Test on IE and Edge as well. IE11 gets security updates until Windows 10 stops being supported, but MS would prefer Edge was used and the UI pushes users to Edge rather than IE, so it’s up to you to decide whether you need to support it or not. Some knowledge of what users of the site are viewing the site on is useful, going forwards, Google Analytics can be used to find this out.
Chrome’s mobile emulator is good, and can often suffice. It’s useful to be able to test on Phones as well if you want to be sure. Chrome lets you plug in a phone/tablet and debug Android. For IOS ideally you want access to a Mac so you can use Safari to debug, but simply viewing the site on an iPhone/iPad and testing it that way is often enough. If your serious, pick up a cheap old phone (Android if you own an iPhone, or vice versa), upgrade the OS, and use it for testing.

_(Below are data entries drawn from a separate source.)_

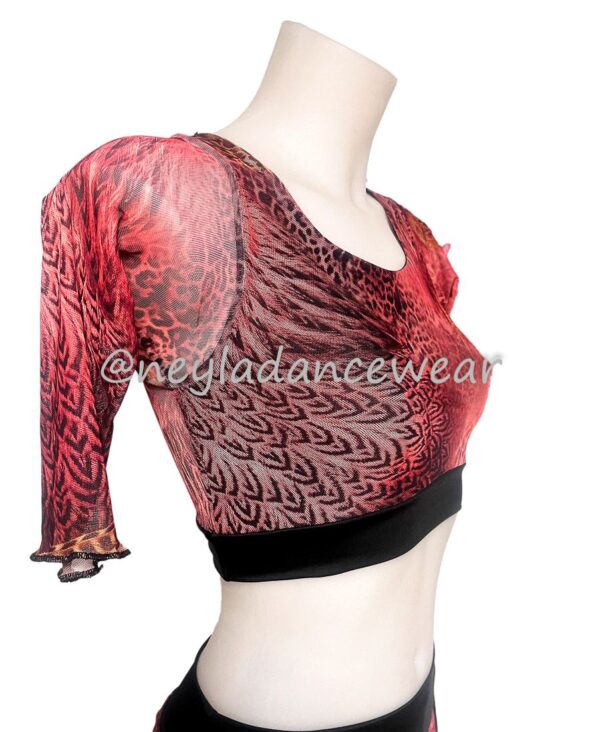 Top transparente para danza del vientre con estampado de plumas en tonos cálidos.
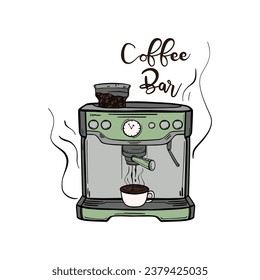 Hand drawn coffee machine. Equipment for cafes and restaurants. Coffee aesthetics. Doodle vector illustration. 
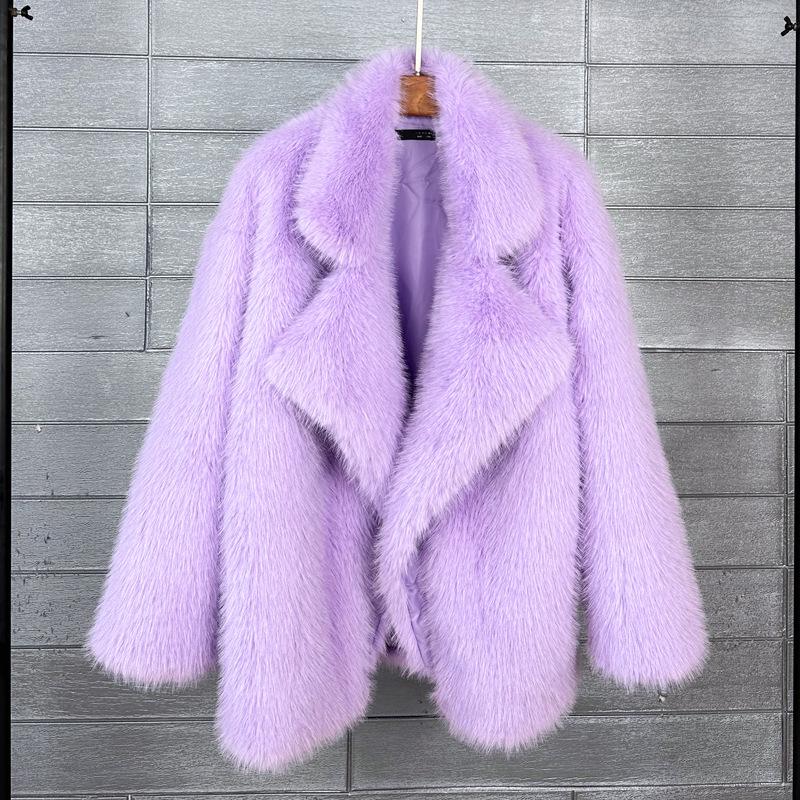 Golden Toka New Korean Style Faux Fox Fur Mid-Length Coat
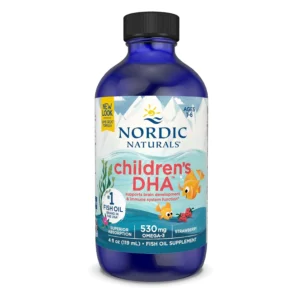 Nordic Naturals Children's DHA in strawberry flavor, made from wild Arctic cod, supports brain development and healthy immune function in kids ages 1-6.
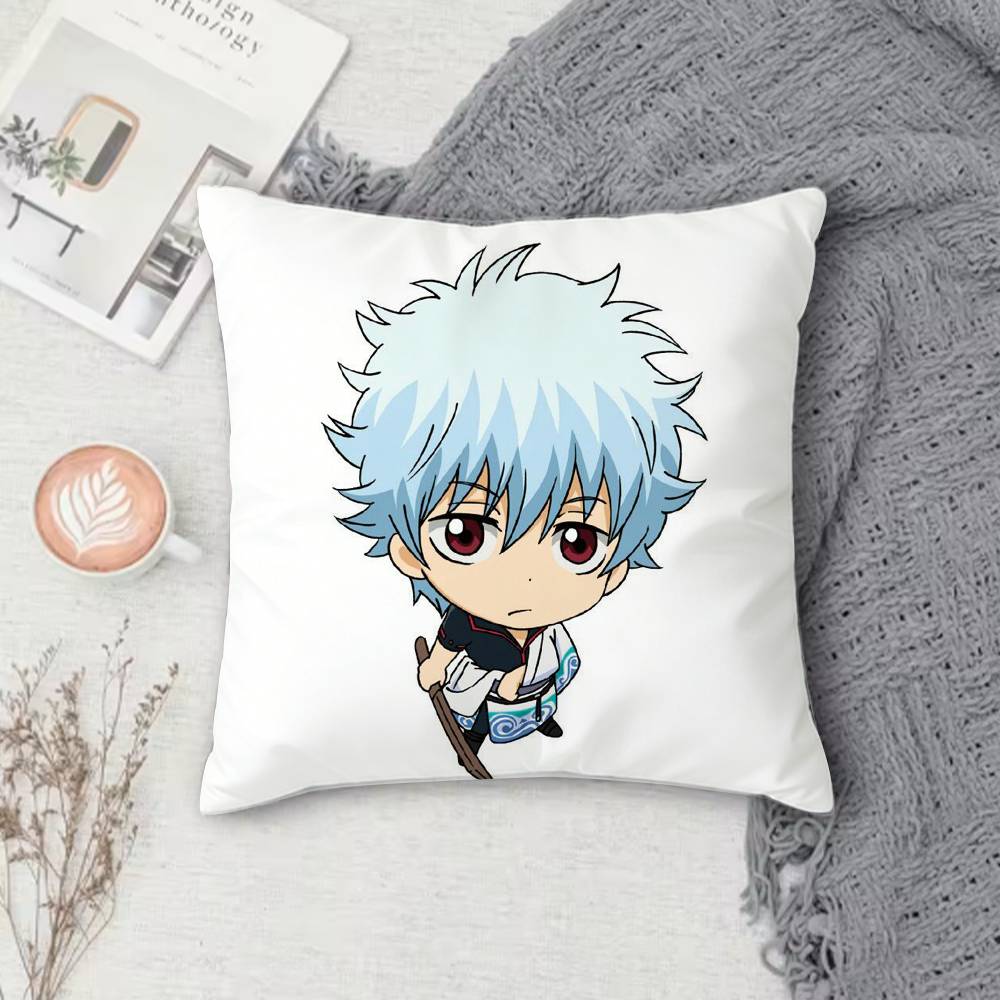 GGintama Anime  Doublesided Printed Square Pillow Cover Decorative Cushion Cover for Sofa Bedroom Bedside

Automatically adding vendor prefixes for CSS, and automatically compiling JS to a form that’s supported in older browsers can be an important step - for CSS, Autoprefixer is the tool used (this will, for example, make sure flexbox properties are correct for IE). For JS, Babel with the babel-preset-env plugin does the same thing. They both let you provide a file that specifies which browsers you want to support, and automatically rewrite your code to provide coverage.
IE and mobile Safari are where most bugs appear: there are a lot, and they’re often quite subtle, and there isn’t really a canonical list. Best bet is to make it work in Chrome and FF, then fix the bugs on a case by case basis - Stack Overflow is your friend here, someone will already have encountered the bug and will have asked how to fix it.
There are a few online services that let you test across multiple browsers; they normally have a free trial period, so you can often sign up, then cancel once the trial is up and then sign up again under another email. That can take quite a lot of the pain out of setting up testing.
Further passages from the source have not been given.